Instructions to follow>
Reproduce exactly, and only, the lines below from the one containing "إنقاذ للاقتصاد الإسباني؟" through the one containing "Foto del edificio - 1530 Fife Ct".

Extracted data>

%%

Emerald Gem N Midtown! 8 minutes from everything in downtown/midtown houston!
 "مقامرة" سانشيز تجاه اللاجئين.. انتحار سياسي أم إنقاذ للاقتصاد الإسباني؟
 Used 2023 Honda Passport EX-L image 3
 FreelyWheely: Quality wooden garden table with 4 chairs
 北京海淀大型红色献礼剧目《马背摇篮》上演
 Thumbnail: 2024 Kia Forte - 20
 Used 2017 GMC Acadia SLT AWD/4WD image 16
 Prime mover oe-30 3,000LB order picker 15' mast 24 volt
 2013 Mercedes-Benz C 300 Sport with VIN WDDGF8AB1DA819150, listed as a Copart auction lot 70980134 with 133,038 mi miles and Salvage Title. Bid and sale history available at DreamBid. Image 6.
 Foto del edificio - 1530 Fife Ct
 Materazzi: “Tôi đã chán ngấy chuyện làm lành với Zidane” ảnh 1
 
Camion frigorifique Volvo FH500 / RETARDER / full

%%

Answer to the exercise>
 "مقامرة" سانشيز تجاه اللاجئين.. انتحار سياسي أم إنقاذ للاقتصاد الإسباني؟
 Used 2023 Honda Passport EX-L image 3
 FreelyWheely: Quality wooden garden table with 4 chairs
 北京海淀大型红色献礼剧目《马背摇篮》上演
 Thumbnail: 2024 Kia Forte - 20
 Used 2017 GMC Acadia SLT AWD/4WD image 16
 Prime mover oe-30 3,000LB order picker 15' mast 24 volt
 2013 Mercedes-Benz C 300 Sport with VIN WDDGF8AB1DA819150, listed as a Copart auction lot 70980134 with 133,038 mi miles and Salvage Title. Bid and sale history available at DreamBid. Image 6.
 Foto del edificio - 1530 Fife Ct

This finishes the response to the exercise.